Danilo asintió con expresión meditabunda.
—¿Estás diciendo que los humanos también pueden aprenderlo?
—¡No, no dice eso! —replicó Elaith, que mantenía la cabeza en postura arrogante. Respiró hondo como si fuera a añadir algo, pero de repente su expresión se petrificó y desapareció tras una máscara inexpresiva. El elfo de la luna ladeó su montura y cabalgó al galope hacia la orilla del río hasta detenerse en un claro y llamar a los demás para montar el campamento.
Aunque parecía mentira, Danilo comprendía la actitud de Elaith. El elfo desconfiaba de los humanos y desde pequeño se le había inculcado el deseo de mantener su cultura intacta y aislada de los demás. Elaith Craulnober era el último miembro de una antigua familia noble, nacido en Siempre Unidos y educado en la corte real. La magia de Wyn recordaba a Elaith su esencia, pero también se burlaba de él por lo que no era. Danilo lo comprendía, pero también creía con firmeza que él podría aprender la magia de la canción elfa sin que ello significara una pérdida para los elfos.
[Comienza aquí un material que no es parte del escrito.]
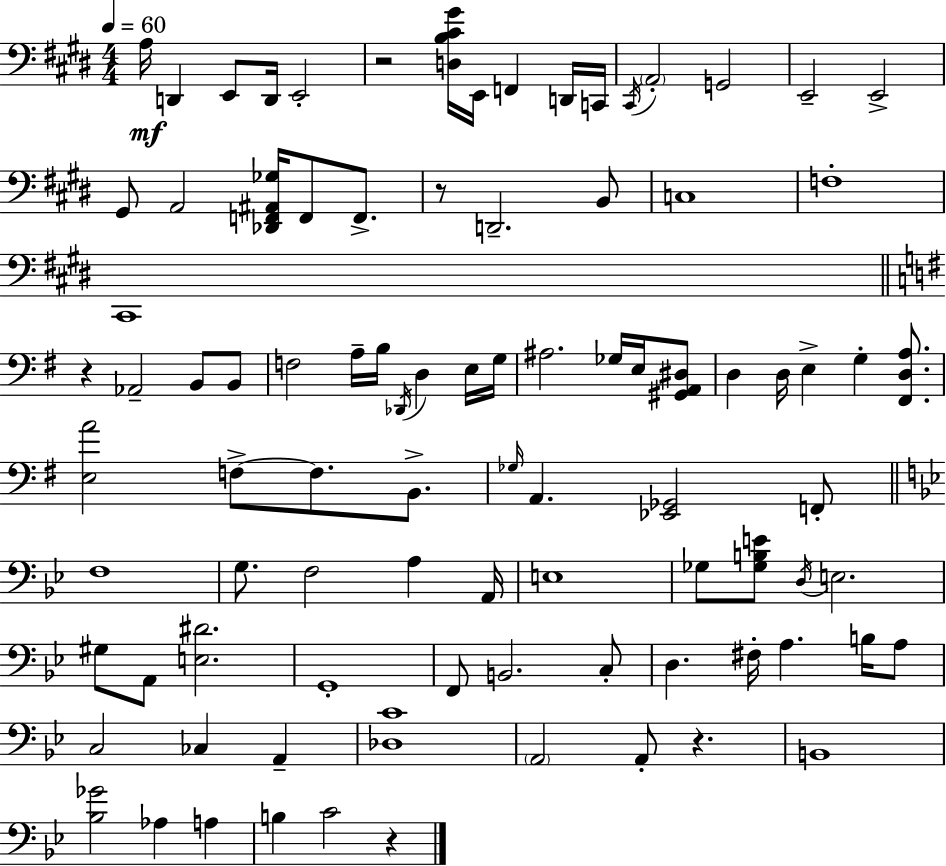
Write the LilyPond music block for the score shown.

{
  \clef bass
  \numericTimeSignature
  \time 4/4
  \key e \major
  \tempo 4 = 60
  a16\mf d,4 e,8 d,16 e,2-. | r2 <d b cis' gis'>16 e,16 f,4 d,16 c,16 | \acciaccatura { cis,16 } \parenthesize a,2-. g,2 | e,2-- e,2-> | \break gis,8 a,2 <des, f, ais, ges>16 f,8 f,8.-> | r8 d,2.-- b,8 | c1 | f1-. | \break cis,1 | \bar "||" \break \key g \major r4 aes,2-- b,8 b,8 | f2 a16-- b16 \acciaccatura { des,16 } d4 e16 | g16 ais2. ges16 e16 <gis, a, dis>8 | d4 d16 e4-> g4-. <fis, d a>8. | \break <e a'>2 f8->~~ f8. b,8.-> | \grace { ges16 } a,4. <ees, ges,>2 | f,8-. \bar "||" \break \key bes \major f1 | g8. f2 a4 a,16 | e1 | ges8 <ges b e'>8 \acciaccatura { d16 } e2. | \break gis8 a,8 <e dis'>2. | g,1-. | f,8 b,2. c8-. | d4. fis16-. a4. b16 a8 | \break c2 ces4 a,4-- | <des c'>1 | \parenthesize a,2 a,8-. r4. | b,1 | \break <bes ges'>2 aes4 a4 | b4 c'2 r4 | \bar "|."
} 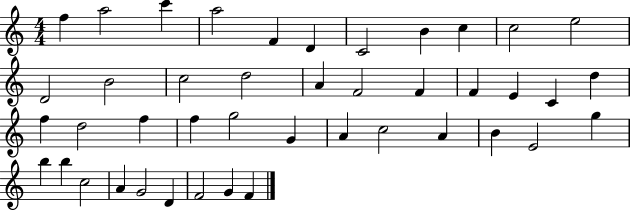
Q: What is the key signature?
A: C major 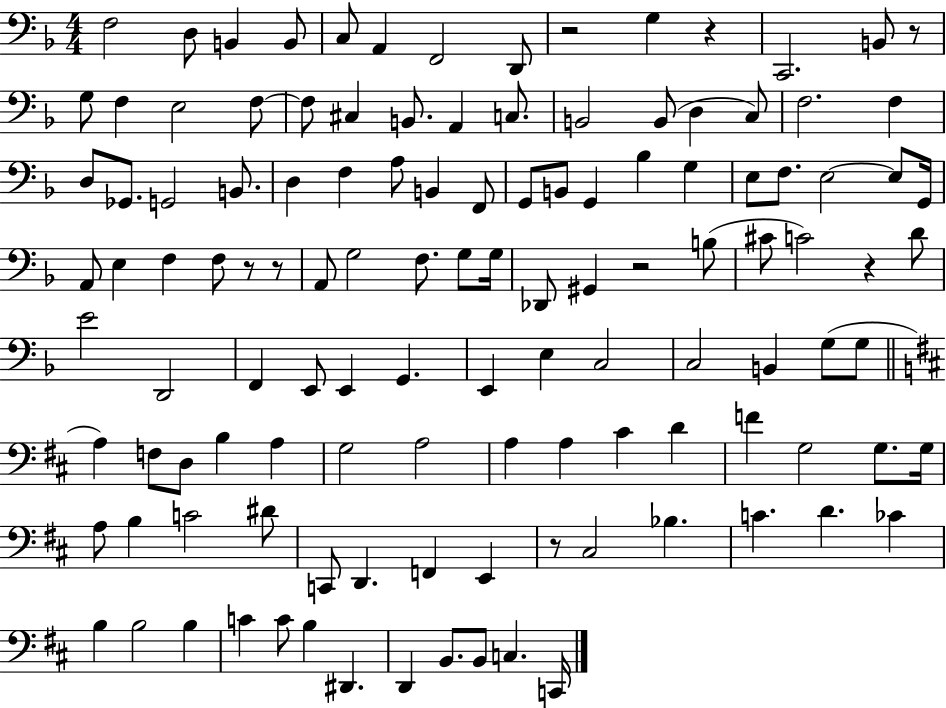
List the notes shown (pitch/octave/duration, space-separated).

F3/h D3/e B2/q B2/e C3/e A2/q F2/h D2/e R/h G3/q R/q C2/h. B2/e R/e G3/e F3/q E3/h F3/e F3/e C#3/q B2/e. A2/q C3/e. B2/h B2/e D3/q C3/e F3/h. F3/q D3/e Gb2/e. G2/h B2/e. D3/q F3/q A3/e B2/q F2/e G2/e B2/e G2/q Bb3/q G3/q E3/e F3/e. E3/h E3/e G2/s A2/e E3/q F3/q F3/e R/e R/e A2/e G3/h F3/e. G3/e G3/s Db2/e G#2/q R/h B3/e C#4/e C4/h R/q D4/e E4/h D2/h F2/q E2/e E2/q G2/q. E2/q E3/q C3/h C3/h B2/q G3/e G3/e A3/q F3/e D3/e B3/q A3/q G3/h A3/h A3/q A3/q C#4/q D4/q F4/q G3/h G3/e. G3/s A3/e B3/q C4/h D#4/e C2/e D2/q. F2/q E2/q R/e C#3/h Bb3/q. C4/q. D4/q. CES4/q B3/q B3/h B3/q C4/q C4/e B3/q D#2/q. D2/q B2/e. B2/e C3/q. C2/s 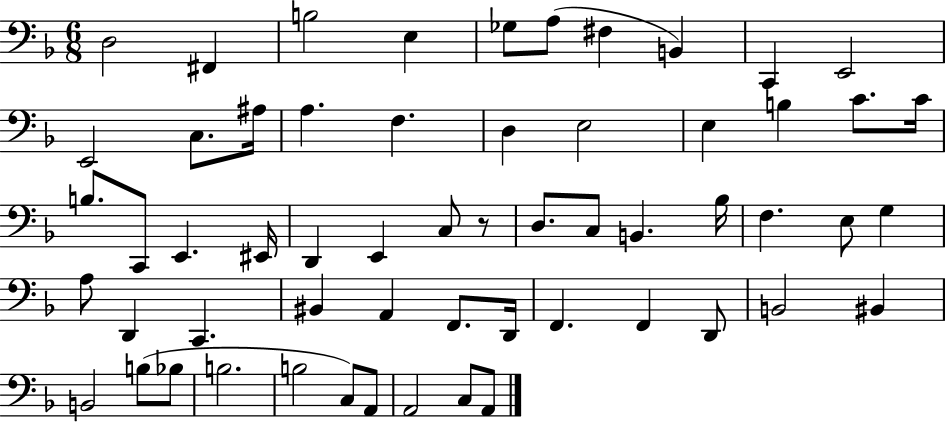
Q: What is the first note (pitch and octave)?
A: D3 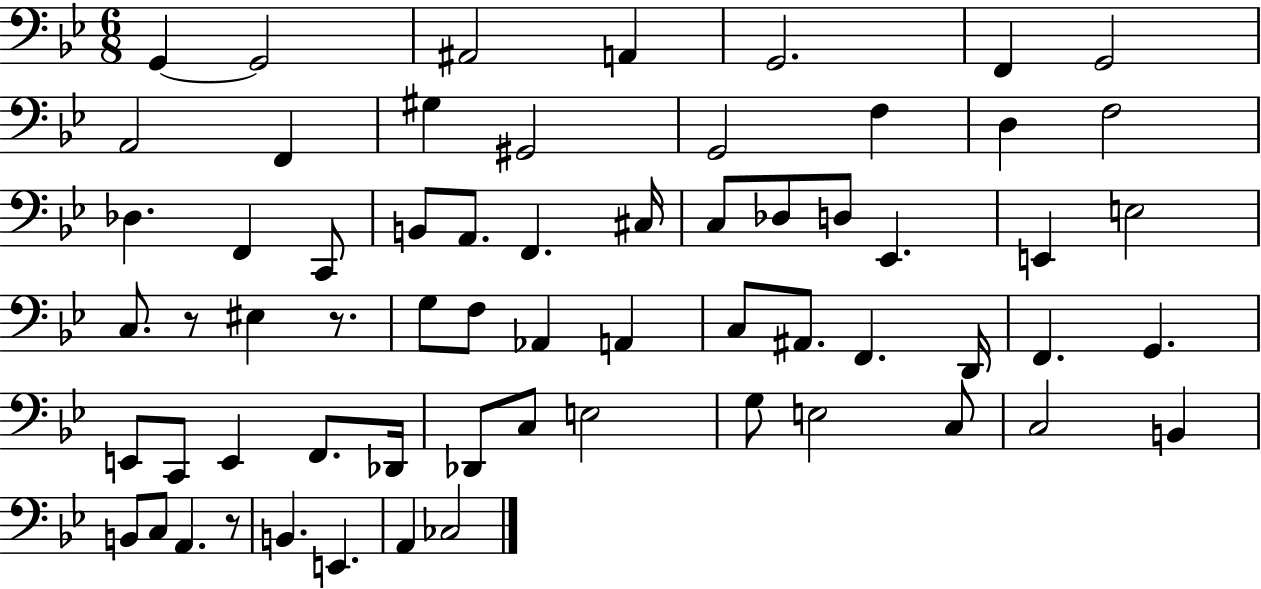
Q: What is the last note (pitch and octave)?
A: CES3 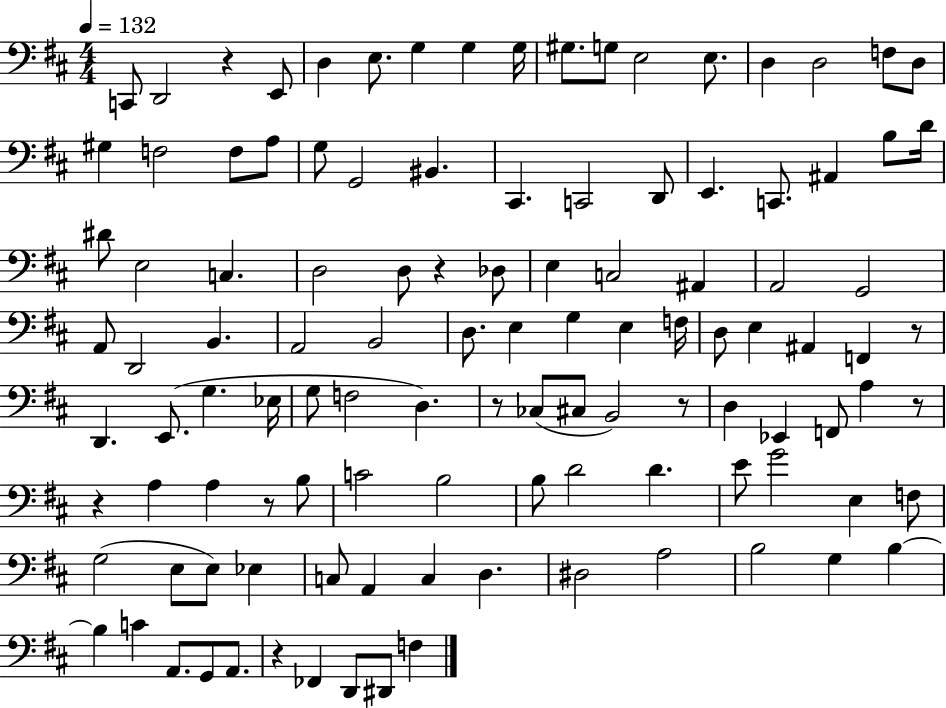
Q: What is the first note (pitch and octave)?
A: C2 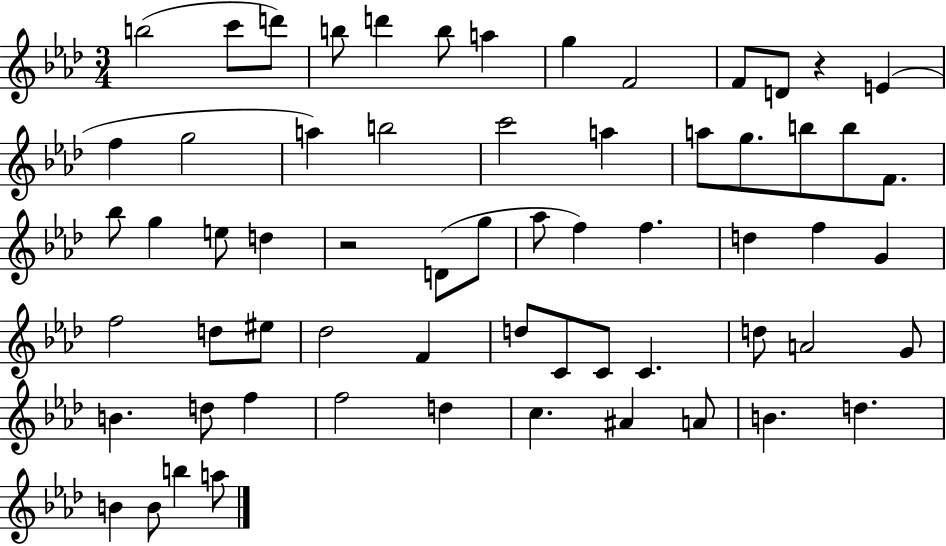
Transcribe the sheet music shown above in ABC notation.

X:1
T:Untitled
M:3/4
L:1/4
K:Ab
b2 c'/2 d'/2 b/2 d' b/2 a g F2 F/2 D/2 z E f g2 a b2 c'2 a a/2 g/2 b/2 b/2 F/2 _b/2 g e/2 d z2 D/2 g/2 _a/2 f f d f G f2 d/2 ^e/2 _d2 F d/2 C/2 C/2 C d/2 A2 G/2 B d/2 f f2 d c ^A A/2 B d B B/2 b a/2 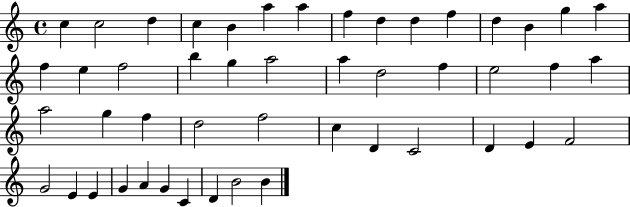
{
  \clef treble
  \time 4/4
  \defaultTimeSignature
  \key c \major
  c''4 c''2 d''4 | c''4 b'4 a''4 a''4 | f''4 d''4 d''4 f''4 | d''4 b'4 g''4 a''4 | \break f''4 e''4 f''2 | b''4 g''4 a''2 | a''4 d''2 f''4 | e''2 f''4 a''4 | \break a''2 g''4 f''4 | d''2 f''2 | c''4 d'4 c'2 | d'4 e'4 f'2 | \break g'2 e'4 e'4 | g'4 a'4 g'4 c'4 | d'4 b'2 b'4 | \bar "|."
} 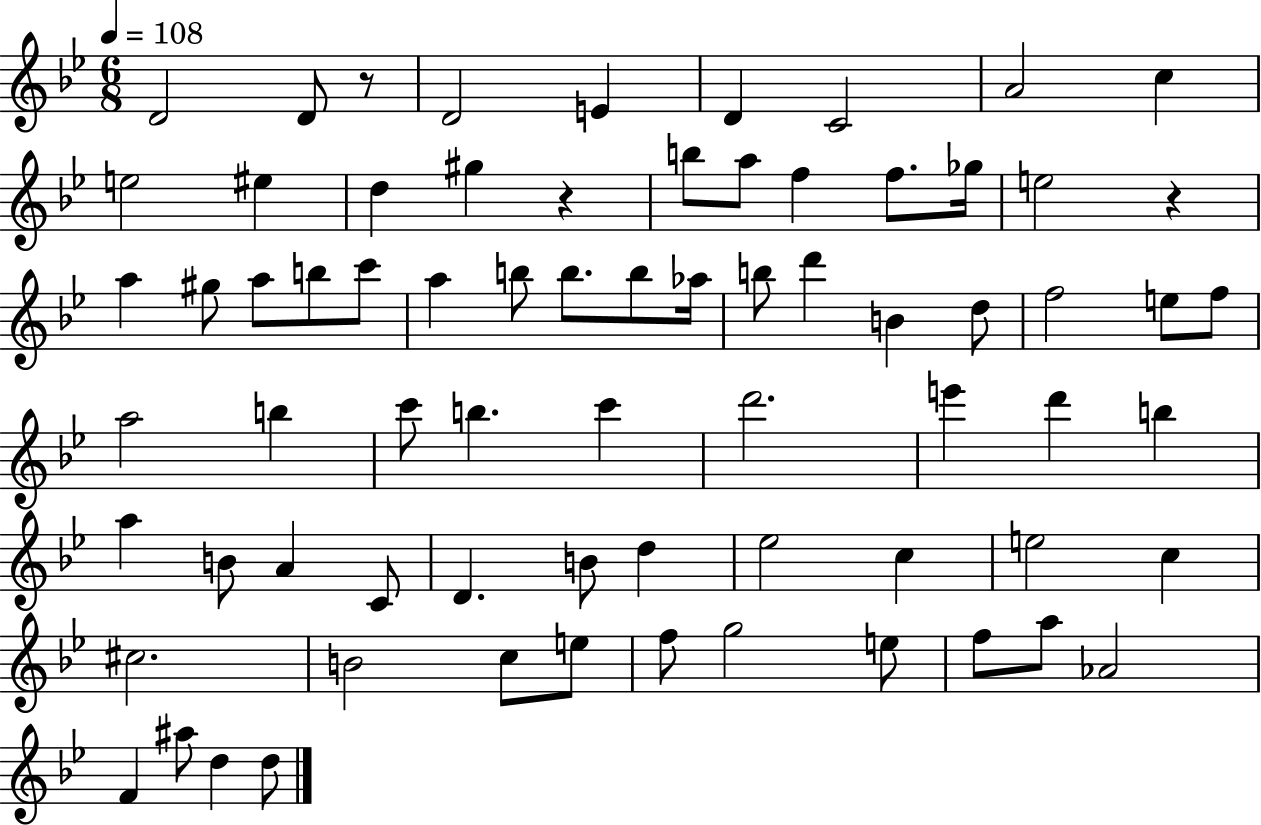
D4/h D4/e R/e D4/h E4/q D4/q C4/h A4/h C5/q E5/h EIS5/q D5/q G#5/q R/q B5/e A5/e F5/q F5/e. Gb5/s E5/h R/q A5/q G#5/e A5/e B5/e C6/e A5/q B5/e B5/e. B5/e Ab5/s B5/e D6/q B4/q D5/e F5/h E5/e F5/e A5/h B5/q C6/e B5/q. C6/q D6/h. E6/q D6/q B5/q A5/q B4/e A4/q C4/e D4/q. B4/e D5/q Eb5/h C5/q E5/h C5/q C#5/h. B4/h C5/e E5/e F5/e G5/h E5/e F5/e A5/e Ab4/h F4/q A#5/e D5/q D5/e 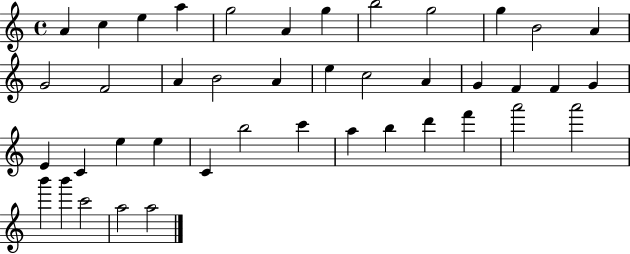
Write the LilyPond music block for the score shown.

{
  \clef treble
  \time 4/4
  \defaultTimeSignature
  \key c \major
  a'4 c''4 e''4 a''4 | g''2 a'4 g''4 | b''2 g''2 | g''4 b'2 a'4 | \break g'2 f'2 | a'4 b'2 a'4 | e''4 c''2 a'4 | g'4 f'4 f'4 g'4 | \break e'4 c'4 e''4 e''4 | c'4 b''2 c'''4 | a''4 b''4 d'''4 f'''4 | a'''2 a'''2 | \break b'''4 b'''4 c'''2 | a''2 a''2 | \bar "|."
} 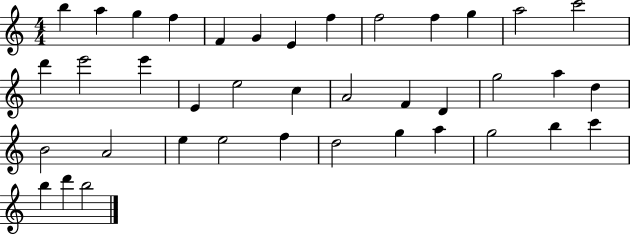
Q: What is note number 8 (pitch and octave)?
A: F5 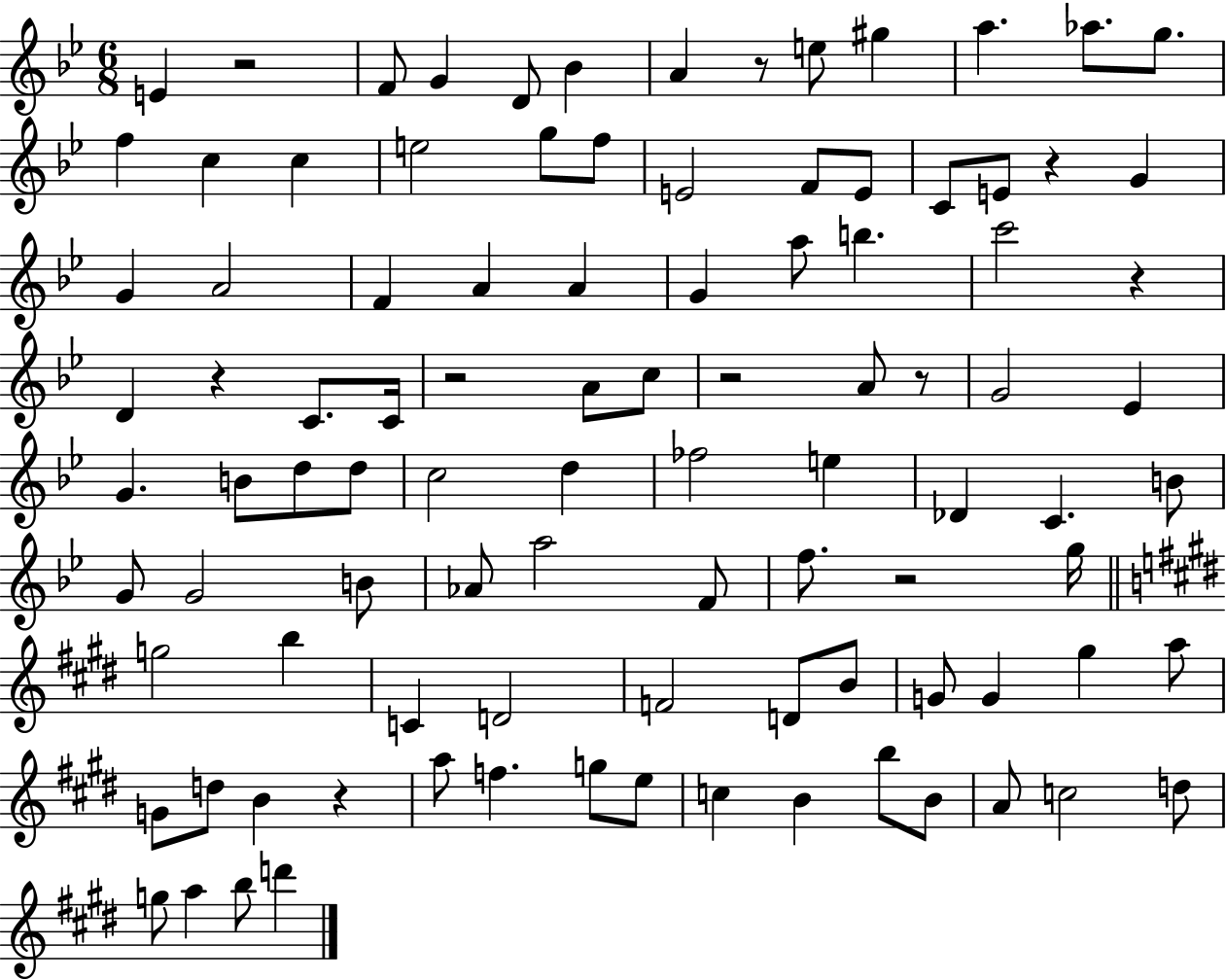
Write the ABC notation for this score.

X:1
T:Untitled
M:6/8
L:1/4
K:Bb
E z2 F/2 G D/2 _B A z/2 e/2 ^g a _a/2 g/2 f c c e2 g/2 f/2 E2 F/2 E/2 C/2 E/2 z G G A2 F A A G a/2 b c'2 z D z C/2 C/4 z2 A/2 c/2 z2 A/2 z/2 G2 _E G B/2 d/2 d/2 c2 d _f2 e _D C B/2 G/2 G2 B/2 _A/2 a2 F/2 f/2 z2 g/4 g2 b C D2 F2 D/2 B/2 G/2 G ^g a/2 G/2 d/2 B z a/2 f g/2 e/2 c B b/2 B/2 A/2 c2 d/2 g/2 a b/2 d' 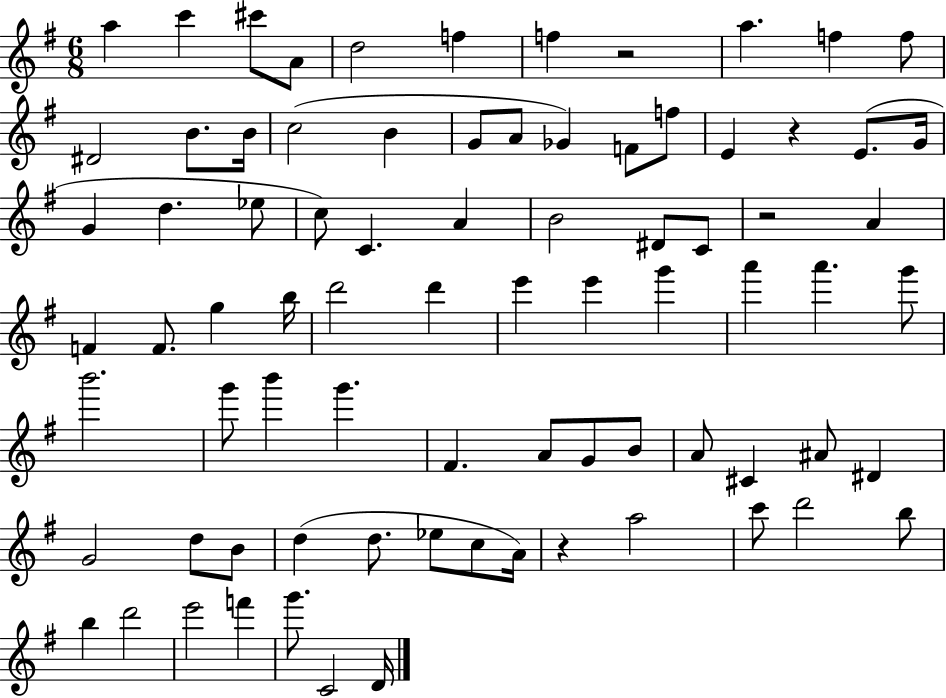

Se volvió hacia Wyn, que había seguido cabalgando en silencio junto a él. El elfo dorado iba desplomado sobre la montura, agotado por el poderoso hechizo que había invocado.
—Me gustaría aprender más sobre ese tipo de música —comentó Danilo, pensativo—. ¿Estarías dispuesto a enseñarme?
El juglar tardó bastante rato en responder, pero Danilo insistió.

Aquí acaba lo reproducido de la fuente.